Plant-based foods continue to grow in importance to the global diet on the back of the increasing awareness of the environmental drawbacks of beef production. Indeed, cattle ranching currently accounts for 80% of deforestation seen in the Amazon. The current orthodoxy is not sustainable against a global population still growing.
Expanding Footprint But Cash Burn Is Tumultuous
To be clear, Beyond Meat is not the only company in this niche with a number of venture capital-funded startups like Impossible Foods competing for market share along with large consumer food companies like Monde Nissin and Tyson Foods. Beyond Meat last reported earnings for its fiscal 2022 third quarter. This saw revenue come in at $82.5 million, a 22.5% decline versus the year-ago quarter. Management pointed to broader economic pressure from inflation and intense competition in their SKU categories. The dual impact of greater competition and slowing consumer demand for more premium price plant-based meals has impacted their grocery sales.
Beyond Meat is now expecting revenue for its full fiscal year 2022 to be between $400 million to $425 million, against a consensus of $426.97 million. This would represent an 8.5% year-over-year decline if revenue comes in at the top end of this range. For some context, Impossible Foods realized a 50% revenue growth rate for its fiscal 2022. Hence, it looks like Impossible Foods has been the most direct beneficiary of the decline in Beyond Meat. However, the company remains private but had IPO rumours floating around last year.
Beyond Meat’s declining gross margins is the main story. The company recorded gross margin of -17.99% for its third quarter, down sequentially from -4.08% in the second quarter. The marked decline highlights just how terrible of a macro backdrop the company is facing with rising product costs from inflation and competitive pressures forcing down a business that once brought in gross margins of around 40% during the early pandemic period.

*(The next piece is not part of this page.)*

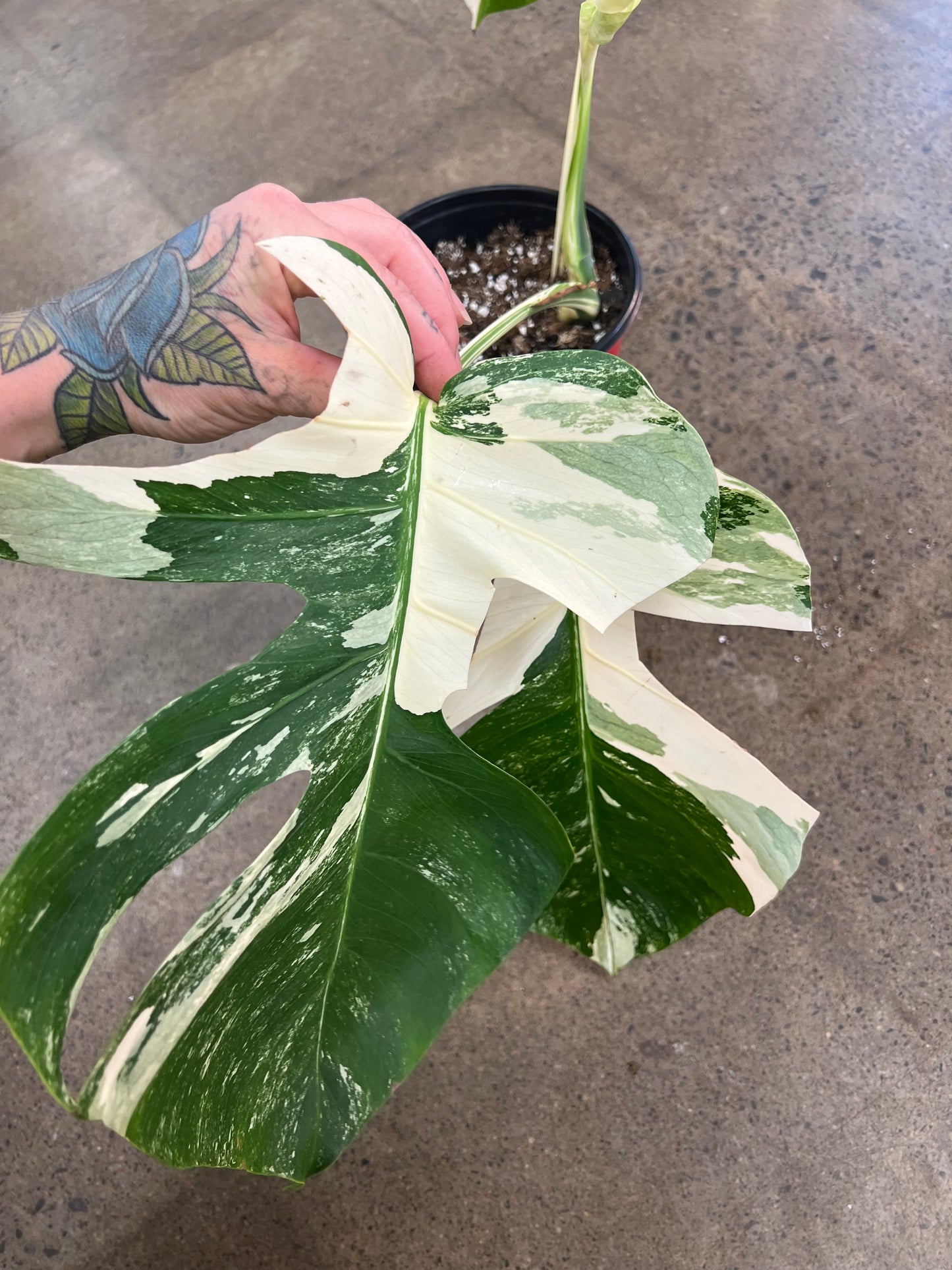 Monstera Albo #21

This has placed its cash flows and overall liquidity position in view. Beyond Meat recorded cash burn from operations of $34.7 million and maintained capex at $18 million during the period. This was against cash and equivalents that finished the quarter at $390.2 million and with long-term debt holding steady at $1.13 billion. Beyond Meat is still expanding its footprint. The company is building on its partnership with McDonald’s in the UK with the Double McPlant, growing in China with the expansion to 100 Metro China grocery stores across 60 cities, and is bringing its Beyond Steak to membership clubs Costco and Sam’s Club. The Beyond Steak has also received good reviews, with most noting its meat-like texture and great taste. These overall initiatives along with continued innovation on the product line up could spark a sales revival and a reversal of the current declining gross margin trend.

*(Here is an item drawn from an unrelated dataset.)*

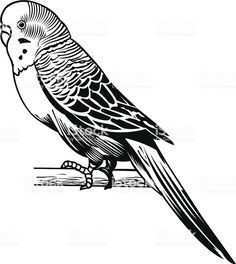 Parakeet Domestic Bird Graphic Vector Illustration Of A Parakeet In 2020 Dieren Vogels Tekenen Dieren Tekenen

Should You Buy Shares This Veganuary?
It’s likely best to avoid the commons until the company shows a clear reversal of gross margins seemingly stuck in a downtrend. Further, with short interest at nearly 40%, bears are betting that there is more downside ahead. The company is pivoting its business model and is aiming to achieve positive flows from operations within the second half of fiscal 2023. This will see more efforts to streamline operations as well as optimization of their production network. This comes on the back of a 19% cut to its workforce, around 200 employees, back in October.
2023 is set to bring more macroeconomic headwinds with inflation remaining at elevated levels until the second half of the year and with a recession broadly expected to hit the global economy including the US. Hence, there might be more pain to come. Beyond Meat’s ability to keep creating and scaling up more Beyond Steaks will form the core part of any eventual recovery.